Thursday, September 7, 2017

Rainbow Bridge

Rob and I were married for just over a year when we decided we wanted to add a puppy. We researched breeds, decided a boxer would be the right fit for us, met Tyson, and the rest is history. His sweet demeanor won us over the minute we met him. What we didn't know at the time was just how special he really was, and that adding him to our family would change the course of our lives.

4 months after we got Tyson we decided he needed a dog sibling, so we started researching breeders and found a responsible breeder a few hours away with a littler of puppies only a few weeks old. As soon as we brought Layla home, she and Tyson were as thick as thieves. A couple months later we had the opportunity to adopt a young boxer who was no longer able to stay with his current family. Harley fit in very well with our young pups, and we became a 3 boxer family, plus one Chihuahua who was really more like a cat.

Having two other boxers in the house shined a light on how unique Tyson's personality was. When we opened the doggie daycare a year later it became even more apparent that he was special. Yes he had the same spunk and wiggly butt as all the other boxers we met, but there was also a gentleness about him that always remained. It was the same thing that we loved so much about him when we first met him at 11 weeks old and it was what we loved so much about him every day he was with us.

Over time our dog pack went from 4 to 2, and those 2 dogs were everything to us. They came to work with me every day for 6 years. They were my favorite couch buddies. My best friends and often sole source of comfort when we battled infertility. The best walking partners. They were the perfect big brother and sister when Brooke and Harrison arrived. 

Layla was always the crazy younger sister and Tyson remained the gentle old soul that he was. He always listened, never strayed far, and would help keep his sister in line. He was so tolerant of everything. Our kids could do just about anything to him and he would just lay there and take it. I don't ever remember him getting upset with the kids.

He had a really hard time when Layla got sick and passed away. It became obvious that he needed companionship we couldn't give him so we adopted Jules, and he hated her. Our gentle old man who loved everything and everyone did not like the new dog we brought into his home. It took him almost a whole month, but he eventually warmed up and decided he could tolerate her b/s. Tyson was almost 8 when we adopted Jules, and she added some puppy life back into his old soul. She turned out to be just what he needed. 

A year or so later, when I was pregnant with Scarlett and Clark, we started to notice some changes in his behavior. A constant need to drink water, more frequent potty breaks, accidents in the house (something that hadn't happened since he was 14 weeks old). The vet could't figure out what was causing the issues, so we just carried on. Over the next couple years his health continued to decline. An arythmia and hart murmur caused him occasional problems. He lost a significant amount of weight. He couldn't stand up straight anymore because it hurt his hips. His obsession with drinking became so severe that he was constantly drinking until he would throw up, then rinse and repeat. More tests, more blood work, medications, and finally after ruling everything else out,  our vet told us he had a tumor pushing on his pituitary gland causing a form of diabetes and that there was no course of treatment. We tried a last ditch medication hoping maybe our vet was wrong, but she wasn't.

We had a really great week with him at the lake and towards the end I could really see how uncomfortable he was.
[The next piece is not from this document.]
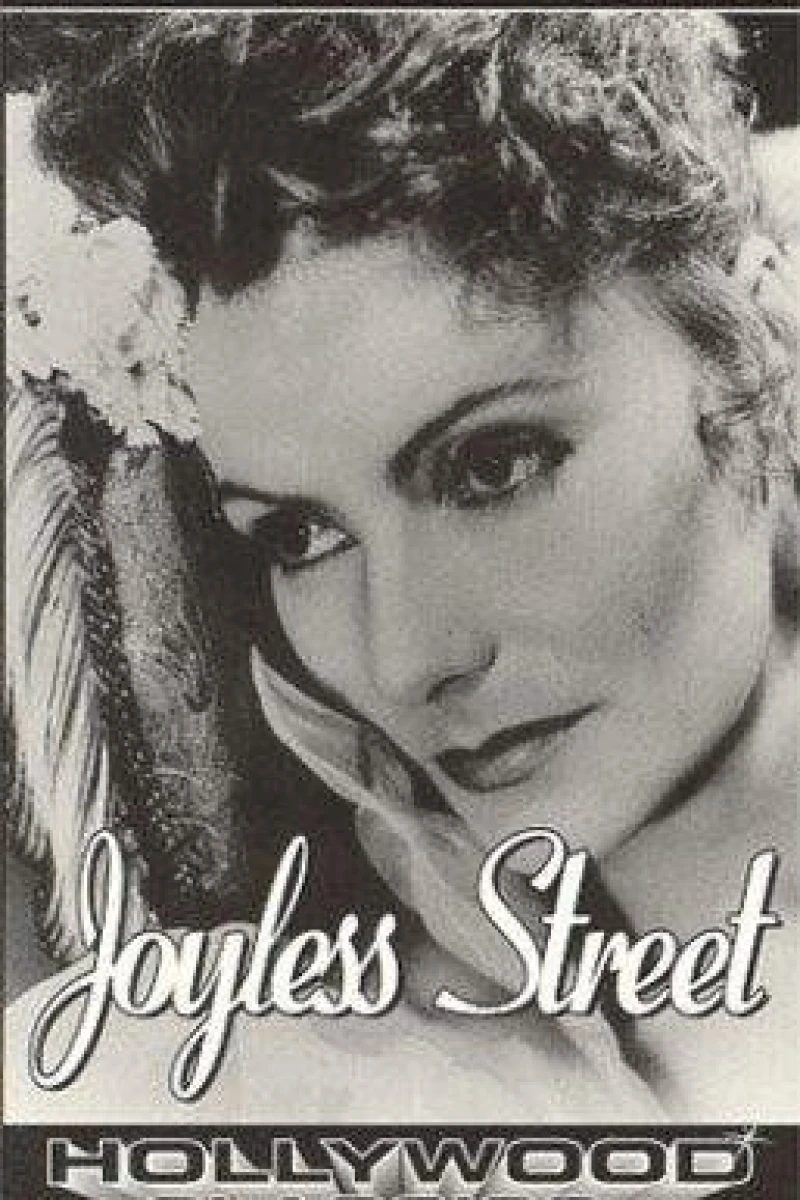 The Joyless Street Poster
The bad days started to outnumber the good and we made the decision we couldn't let him suffer anymore. The night before I took him to the vet to say goodbye, we took him to one of his favorite places where we let him run and have a steak dinner. It was the happiest I had seen him in weeks. The next morning he and I got up early and went out for breakfast. He ate a pyramid of sausage biscuits and then we went for a short walk. I told him all about how he was going to see his sister in heaven soon. When it was time to say goodbye, he went quickly and peacefully while I stroked his sweet face. He was so gentle even as he left this world.

The night before he passed we had the kids say goodbye. Brooke was an emotional mess, which I was not prepared for, and I laid with her as she cried herself to sleep. Other than that night, Brooke and Harrison have been very strong when talking about Tyson being gone. We were upfront with them and told them exactly what was going to happen, right down to the cremation. I know Scareltt and Clark won't have any memories of him, but I hope the big kids do. He loved to be outside with them while they played. He would kidney bean anytime one of the neighbor kids wanted to give him a pet. He lived for being their dog. 

Every pet is special. They are all wonderful and give us unconditional love, but I feel that some of them touch our lives in ways that go beyond. Tyson was one of those dogs. The effect that he had on my life will never be forgotten, and I will always remember how wonderful he was. 

Our sweet Tyson-son, McNubbin, Doodle Butt, I hope you are running in heaven with your sister and all of your doggie daycare friends that passed before you. I hope there's squeaky tennis balls as far as the eye can see. I hope there's a lake with boat rides and a walk in beach so you can swim, but not really swim, as much as your heart desires. I pray you're at peace and aren't in pain anymore. Know that we will always think of you as the best dog we could have ever wished for, and we will always have you in our hearts.